Data extract Block Start

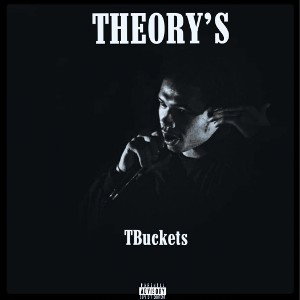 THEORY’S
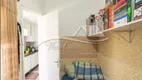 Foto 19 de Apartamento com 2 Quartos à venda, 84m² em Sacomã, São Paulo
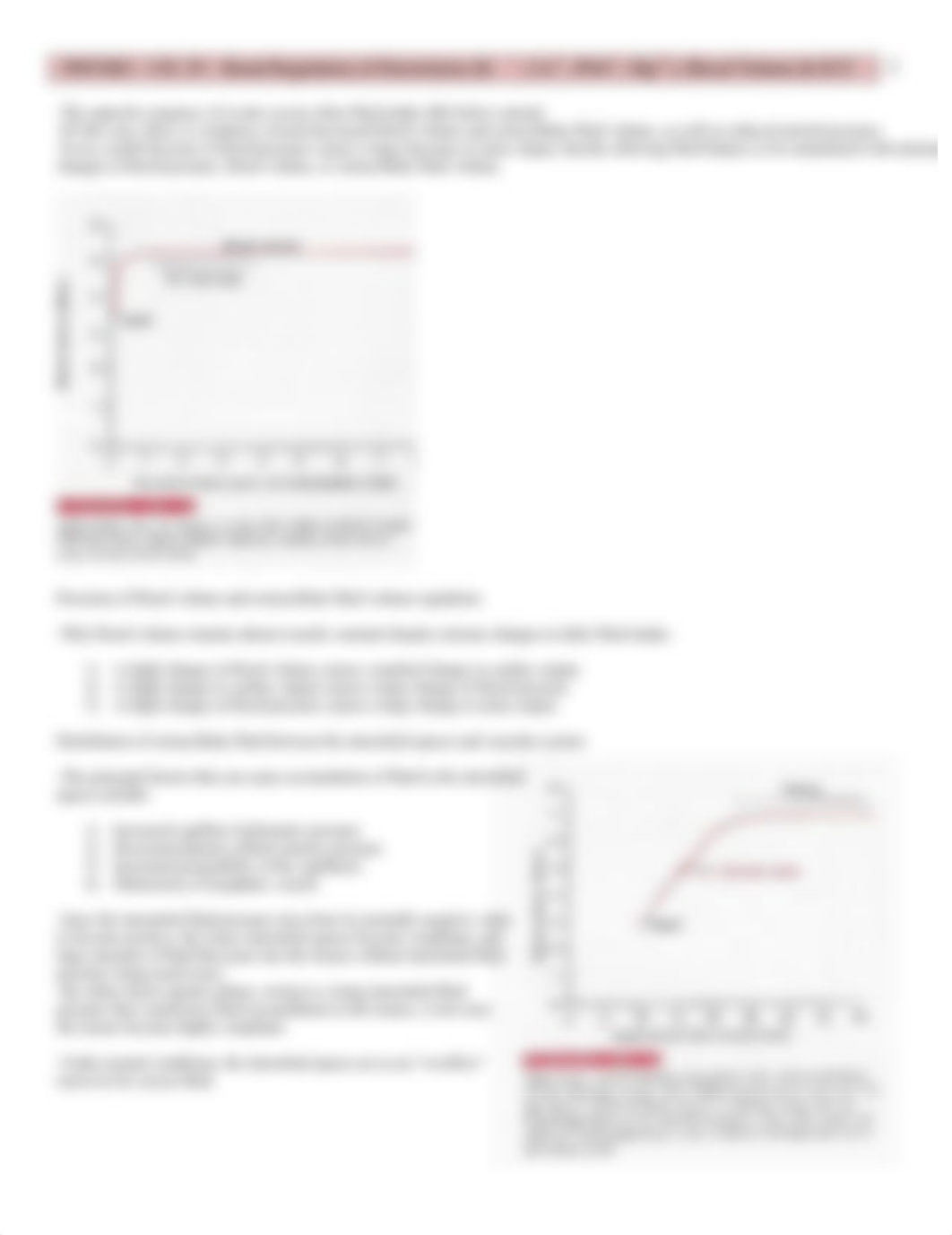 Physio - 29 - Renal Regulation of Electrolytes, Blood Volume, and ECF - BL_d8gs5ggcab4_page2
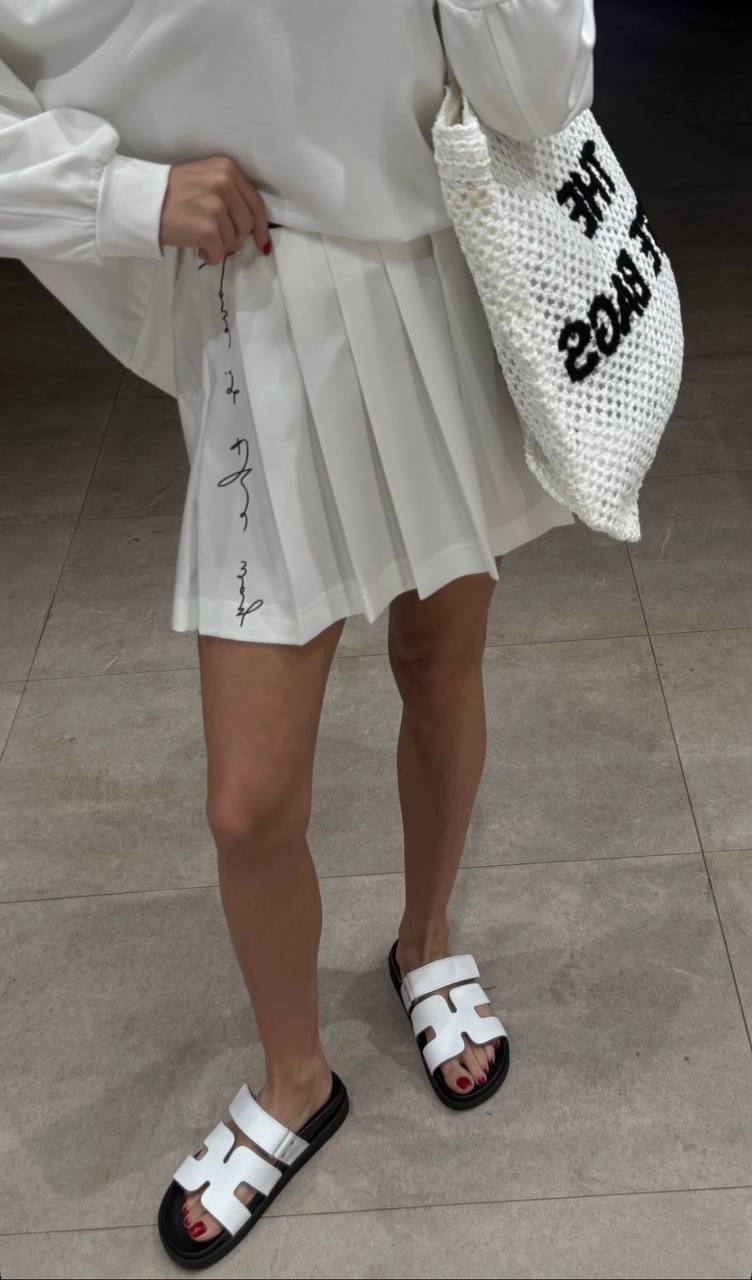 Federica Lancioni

Data extract Block End

### Exercise brief
Pictures stay out. Write out everything else in the material exactly.

### Task output
 THEORY’S
 Foto 19 de Apartamento com 2 Quartos à venda, 84m² em Sacomã, São Paulo
 Physio - 29 - Renal Regulation of Electrolytes, Blood Volume, and ECF - BL_d8gs5ggcab4_page2
 Federica Lancioni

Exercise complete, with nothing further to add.